“Betapa pun kecilnya dan sedikitnya harta yang dimiliki oleh seseorang itu tetap saja perlu selagi manusia hidup di dunia. Apalagi bagi seorang demang dari wilayah sima seperti Kakang. Bagaimana mungkin Kakang bisa memberi tongkat agar mereka tidak tergelincir, memberi minum agar mereka tidak kehausan, memberi makan agar mereka tidak kelaparan, memberi payung agar mereka tidak kehujanan, dan memberi pakaian agar mereka tidak telanjang jika Kakang miskin? Bahkan untuk bisa mendapatkan beras saja, Kakang mengharapkan uluran tangan dari orang lain? “kata Nyi Demang menyampaikan pandangannya.
“Harta, tahta dan wanita, memang bisa menjadi malapetaka jika dicari, dikejar dan diperoleh dengan ketamakan. Tetapi harta, tahta, dan wanita, akan bermanfaat jika dicari dengan benar dan digunakan untuk kepentingan kemanusiaan dan kesejahteraan bersama. Nafsu tamak akan harta, tahta dan wanita itulah yang akan menghancurkan peradaban dan kemanusiaan,” kata Nyi Demang masih melanjutkan.
“Benar sekali istriku. Aku setuju sepenuhnya dengan pendapatmu itu.” kata Ki Demang yang masih berbaring di samping istrinya sambil matanya menatap kosong langit-langit atap kamar tidurnya.
“Dan dalam soal tahta, Kakang lebih miskin lagi, bukan?” kata istrinya lagi, mengingatkan.
“Ya, Betul sekali. Hanya untuk membuka sawah baru saja agar kademangan ini tidak kekurangan pangan, harus minta ijin kepada Kanjeng Adipati Wirasaba lebih dahulu. Itu berarti aku miskin dalam soal-soal kekuasaan.” Ki Demang mengeluh kepada istrinya.
“Bahkan untuk bisa pergi ke Pakuan Pajajaran hanya untuk keperluan menghadiri pesta dan ritual perkawinan, Kakang pun harus minta ijin kepada Kanjeng Adipati dan Sang Raja Kediri bukan?” kata istrinya mengingatkan lagi.
“Kamu betul Istriku. Sesungguhnya aku merasa sakit hati sekali. Hanya untuk bisa sekedar menyenangkan kamu jalan-jalan ke Pakuan Pajaran saja aku tidak mampu. Padahal ongkos tidak menjadi masalah, bukan? Pastilah Raden Arya yang akan mengongkosi kita,” keluh Ki Demang pula.

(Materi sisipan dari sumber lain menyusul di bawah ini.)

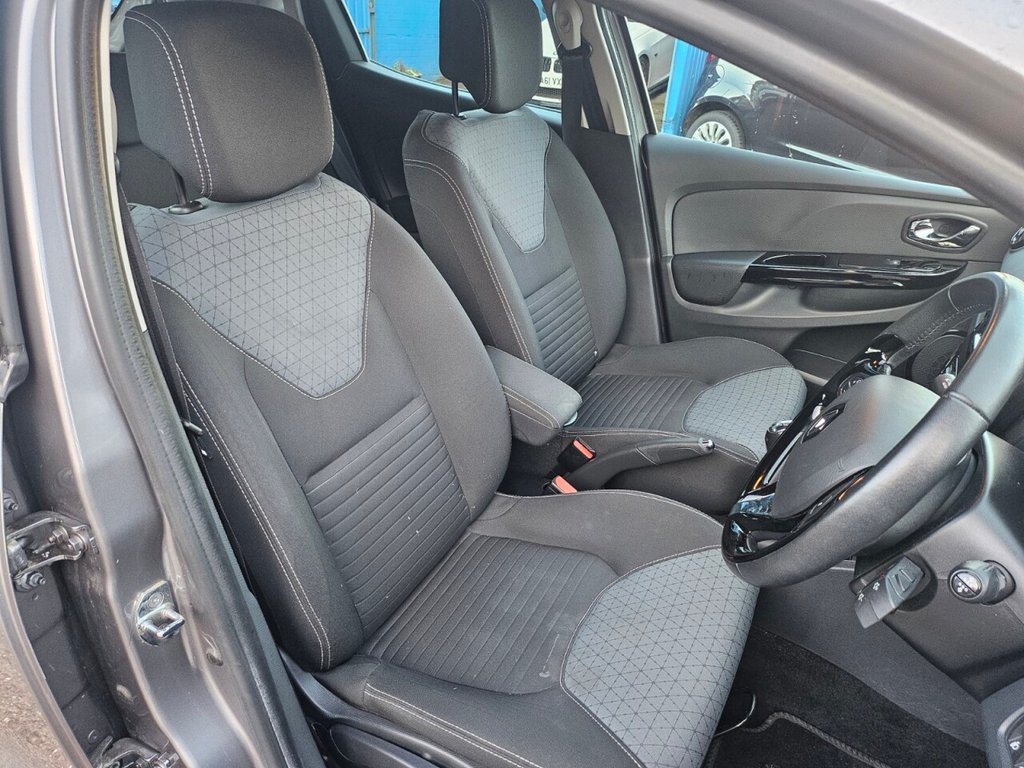 Used Renault Clio 2014 for sale - 76797657: Photo 20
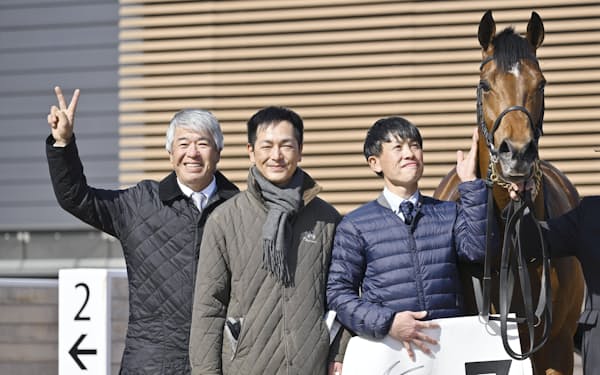 2月27日の中山競馬場、第7レースで勝利したレッドモンレーヴ（右端）と記念写真に納まる藤沢和雄調教師（左端）ら＝共同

“Nyai Kertisara dengan menggunakan sedikit kecerdasannya memanfaatkan pohon kelapa yang banyak tumbuh di Kaliwedi dan sepanjang Sungai Ciserayu, bisa menjadi orang kaya yang berarti memiliki kekuasaan atas harta. Padahal Kademangan Kejawar jauh lebih luas dari Kaliwedi. Kekayaan alam Kejawar juga jauh lebih luar biasa dari Kaliwedi. Tetapi kenapa Kakang tetap miskin? “tanya Nyi Demang.
“Itu karena Kakang tidak memiliki kekuasaan duniawi. Kakang hanya punya kekuasaan atas ritual-ritual keagamaan saja!” kata Nyi Demang menjawab sendiri pertanyaan yang diajukannya kepada suaminya.
“Benar sekali apa yang engkau katakan, istriku. Maafkan aku atas segala ketidakberdayaanku” kata Ki Demang pasrah.
“Kakang! Aku rela hidup miskin mendampingi Kakang, karena itu memang kewajiban sebagai seorang istri. Tetapi aku tidak rela anak kita Bagus kelak hanya mewarisi sebuah kemiskinan yang sama dengan kita. Aku tidak ingin Bagus hanya menjadi seorang pandita seperti ayahnya. Bagus harus menjadi seorang pandita sinatria. Itulah sebabnya aku sangat berharap Bagus kelak bisa belajar ilmu keprajuritan kepada Raden Arya. Syukur-syukur bila kelak Bagus bisa jadi menantunya Raden Arya. Jika Raden Arya kelak bisa membangun Kadipaten Kalipucang, kenapa Bagus kelak tidak bisa membangun Kademangan Kejawar menjadi sebuah Kadipaten? “ kata Nyi Demang dengan semangat menggebu-gebu.